For me it’s as essential as sleep, food and hydration to stay healthy and play my best. If you have chronic back and/or neck pain, this procedure can greatly reduce or even eliminate your symptoms. Here are the basic instructions for lying down in the semi-supine position for constructive rest:

Find a reasonably quiet place. If possible, allow yourself fifteen or twenty minutes to lie down.

Lie with your backside down on a flat, firm surface, e.g., a carpeted floor, or a wooden floor with a yoga mat or thin blanket beneath you. Do not lie down on a bed, cot, or sofa, as these surfaces are too soft and will not allow for the necessary feedback your body needs to release muscles.

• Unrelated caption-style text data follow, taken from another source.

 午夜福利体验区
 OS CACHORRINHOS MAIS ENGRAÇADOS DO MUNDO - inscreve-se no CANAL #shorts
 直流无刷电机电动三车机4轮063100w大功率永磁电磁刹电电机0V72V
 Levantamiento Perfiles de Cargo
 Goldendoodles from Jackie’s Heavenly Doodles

You should also place something firm beneath your head for support, such as a few thin books or magazines. The height of this support will vary with each individual. If too high, the chin will be too close to the chest and will not allow enough space in the front of the neck; if too low, the head will tend to go “back and down” the spine, thus discouraging the natural lengthening process. Try different heights and find one that encourages the least amount of tension in the entire neck:

Too high

Too low

Good height

Once you are on your back, bend your knees to bring your feet flat onto the floor. Keep your heels in approximate line with your sitting bones. Your heels should be about twelve to fifteen inches from your buttocks.

Keeping your arms out and away from your torso (think of your arms as hands of a clock at 4 o’clock and 8 o’clock), bend your elbows to bring your palms to rest on the sides of your torso where your ribcage meets your abdomen. Make sure your hands are not touching one another, and that there is plenty of space between your ribcage and elbows:

Shoulders narrowing (arms too high)

Shoulders widening (better arm position)

Check your breathing by observing the flow of air in and out of your nostrils. Keep your eyes open during the entire session, from time to time noticing your environment. Scan yourself for any unnecessary tension or holding that you might be doing. Observe any changes within yourself that might take place. Rest and enjoy!

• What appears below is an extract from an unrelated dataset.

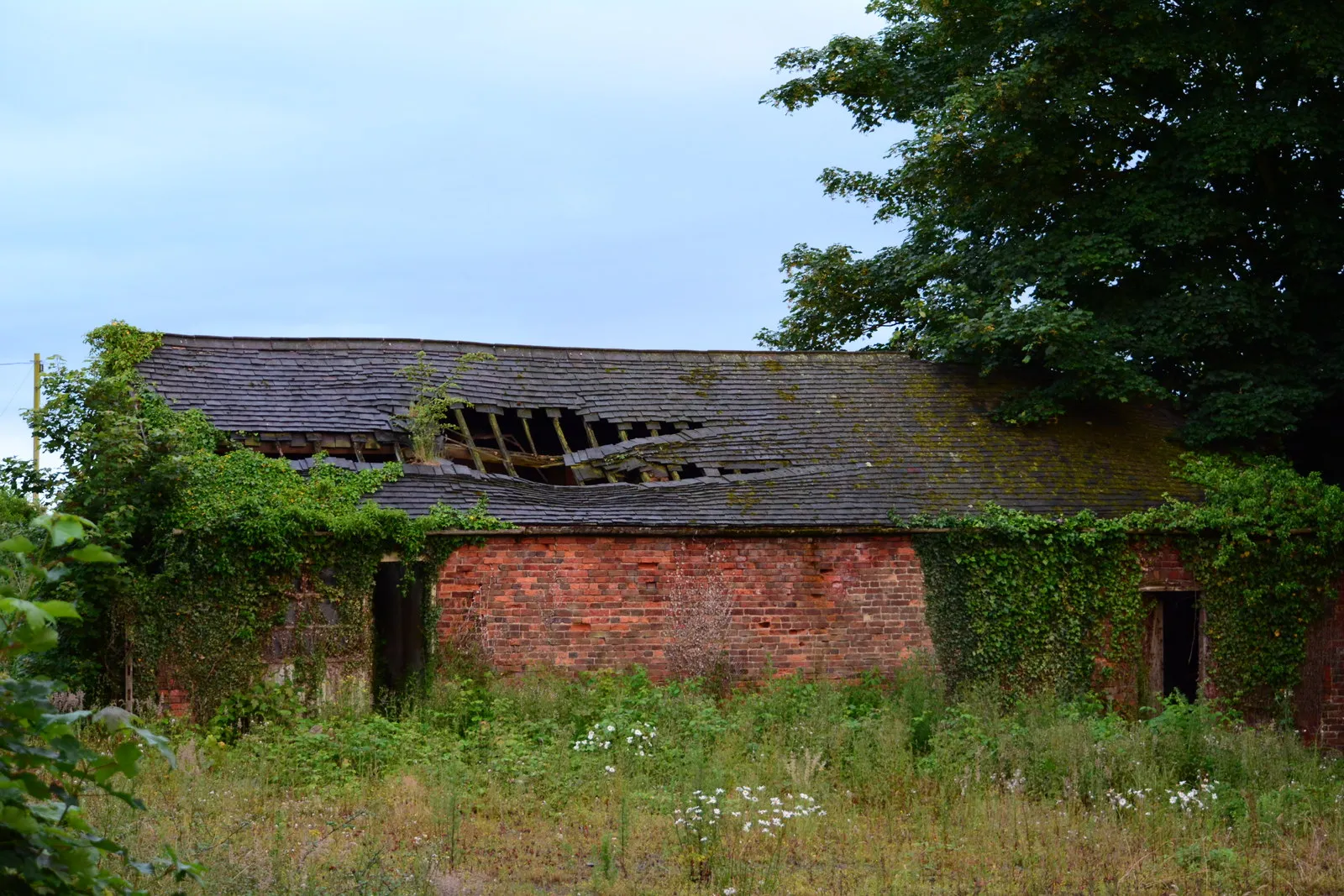 Photo showing: A derelict barn at Hall Farm, Packington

That’s all there is to it. By simply lying in this manner you activate great release and positive changes. If you like, you can also add the Alexander Technique primary directions. This is a simple set of mental directives to give yourself to encourage length and expansion in your body. They are as follows:

I allow my neck to be free, so that my head can release upward off the top of my spine.

I allow my entire torso to lengthen and widen.

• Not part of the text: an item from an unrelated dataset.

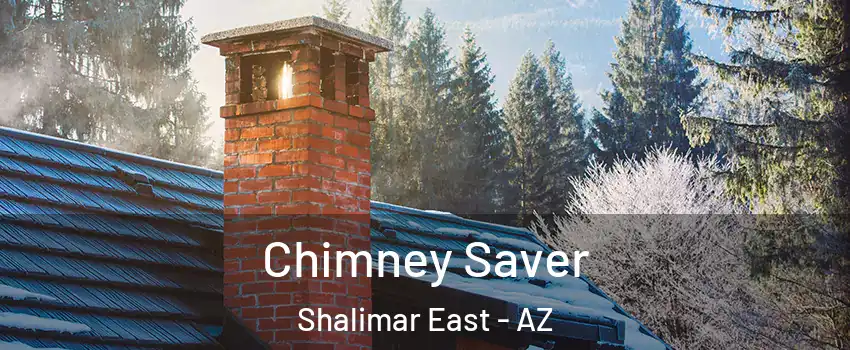 Chimney Saver Shalimar East - AZ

I allow my knees to release forward from  hip joints, and for one knee to release away from the other.

I allow my heels to release into the floor.

You simply think the directions, but don’t do anything about them. In fact your entire aim should be to do nothing at all. Non-doing we call it in the Alexander Technique. Just let yourself rest.

You can use this tool anytime you like. In my musical practice, I tend to use it as follows: I usually lie down for about 5 or 10 minutes before I practice to help bring me to the state of calm alertness I need to play well. When I take brief breaks during my practice (5 to 10 minutes) I’ll also lie down.

Or sometimes I’ll take a nice long break in my practice session and lie down for an entire 20 minutes. When I do this I feel completely restored (mind, body, spirit) and ready to resume. I often do this when I have an unusually long practice day.

Also, if I’m at a gig where space permits, I’ll lie down before I start and during the intermission (or sets). I’ve been told that in the U.K. (where the Alexander Technique is widely known and practiced by professional musicians) you can see 40 or more musicians lying down back stage during the intermission at orchestral performances.

So incorporate this highly effective tool into your practice routine. If you can’t manage 15 or 20 minutes, do it for 5 or 10. It will still help. Remember, rest is part of the process to improve, so don’t look at it as time wasted. Balance rest with effort and you’ll greatly increase your chances of staying healthy, injury free and energized as you practice and perform.